[Stored data entries]
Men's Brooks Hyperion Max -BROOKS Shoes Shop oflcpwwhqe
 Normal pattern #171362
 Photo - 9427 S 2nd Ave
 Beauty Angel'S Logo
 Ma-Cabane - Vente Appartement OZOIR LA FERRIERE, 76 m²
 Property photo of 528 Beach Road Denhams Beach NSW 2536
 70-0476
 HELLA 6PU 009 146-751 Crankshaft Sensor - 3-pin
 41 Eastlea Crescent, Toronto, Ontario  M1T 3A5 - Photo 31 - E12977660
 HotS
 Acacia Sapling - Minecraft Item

[WORK TO BE COMPLETED] Print exactly the lines above, starting at the line that contains "41 Eastlea Crescent, Toronto, Ontario" and ending with the last line of the records, both included.

[ANSWER BOX]
 41 Eastlea Crescent, Toronto, Ontario  M1T 3A5 - Photo 31 - E12977660
 HotS
 Acacia Sapling - Minecraft Item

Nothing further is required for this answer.